Freitag, 9. Mai 2014

See Your Solr Cache Sizes: Eclipse Memory Analyzer

Solr uses different caches to prevent too much IO access and calculations during requests. When indexing doesn't happen too frequently you can get huge performance gains by employing those caches. Depending on the structure of your index data and the size of the caches they can become rather large and use a substantial part of your heap memory. In this post I would like to show how you can use the Eclipse Memory Analyzer to see how much space your caches are really using in memory.

Configuring the Caches

All the Solr caches can be configured in solrconfig.xml in the query section. You will find definitions like this:

<filterCache class="solr.FastLRUCache"
  size="8000"
  initialSize="512"
  autowarmCount="0"/>

This is an example of a filter cache configured to use the FastLRUCache, a maximum size of 8000 items and no autowarming. Solr ships with two commonly used cache implementations, the FastLRUCache, that uses a ConcurrentHashMap and the LRUCache, that synchronizes the calls. Some of the caches are still configured to use the LRUCache but on some read heavy projects I had good results with changing those to FastLRUCache as well.

Additionaly, starting from Solr 3.6 there is also the LFUCache. I have never used it and it is still marked as experimental and subject to change.

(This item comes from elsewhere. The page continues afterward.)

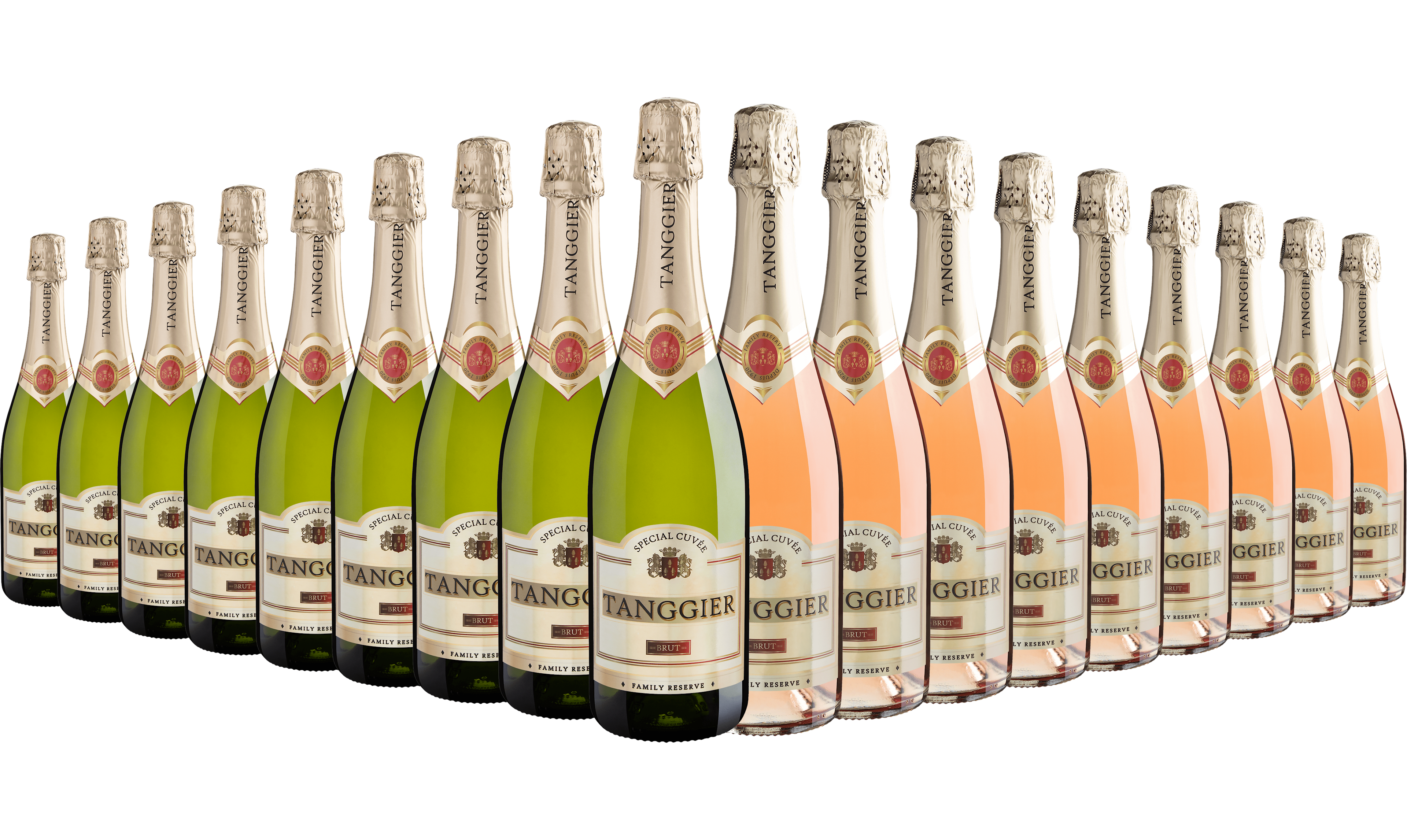 Kit Tanggier: 9 Brut + 9 Brut Rosé por R$29,90 cada garrafa*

Solr comes with the following caches:

FilterCache
Caches a bitset of the filter queries. This can be a very effective cache if you are reusing filters.
QueryResultCache
Stores an ordered list of the document ids for a query.
DocumentCache
Caches the stored fields of the Lucene documents. If you have large or many fields this cache can become rather large.
FieldValueCache
A cache that is mainly used for faceting.

Additionaly you will see references to the FieldCache which is not a cache managed by Solr and can not be configured.

In the default configuration Solr only caches 512 items per cache which can often be too small. You can see the usage of your cache in the administration view of Solr in the section Plugin/Stats/Caches of your core. This will tell you the hit rate as well as the evictions for your caches.

The stats are a good starting point for tuning your caches but you should be aware that by setting the size too large you can see some unwanted GC activity. That is why it might be useful to look at the real size of your caches in memory instead of the item count alone.

Eclipse MAT

Eclipse MAT is a great tool for looking at your heap in memory and see which objects occupy the space. As the name implies it is based on Eclipse and can either be downloaded as a standalone tool or is available via update sites for integration in an existing instance.

Heap dumps can be aquired using the tool directly but you can also open existing dumps. On opening it will automatically calculate a chart of the largest objects that might already contain some of the cache objects, if you are keeping lots of items in the cache.

Using the links below the pie chart you can also open further automatic reports, e.g. the Top Consumers, a more detailed page on large objects.

Even if you do see some of the cache classes here, you can't really see which of the caches it is that consumes the memory. Using the Query Browser menu on top of the report you can also list instances of classes directly, no matter how large those are.

We are choosing List Objects with outgoing references and enter the class name for the FastLRUCache, org.apache.solr.search.FastLRUCache. For the default configuration you will see two instances. When clicking on one of the instances you can see the name of the cache in the lower left window, in this case the filter cache.

There are two numbers available for the heap size: The shallow size and the retained size. When looking at the caches we are interested in the retained size as this is the size that would be available when the instance is garbage collected, i.e. the size of the cache that is only used by the cache. In our case this is around 700kB but this can grow a lot.

You can also do the same inspection for the org.apache.solr.search.LRUCache to see the real size of your caches.

Conclusion

The caches can get a lot bigger than in our example here. Eclipse Memory Analyzer has helped me a lot already to see if there are any problems with a heap that is growing too large.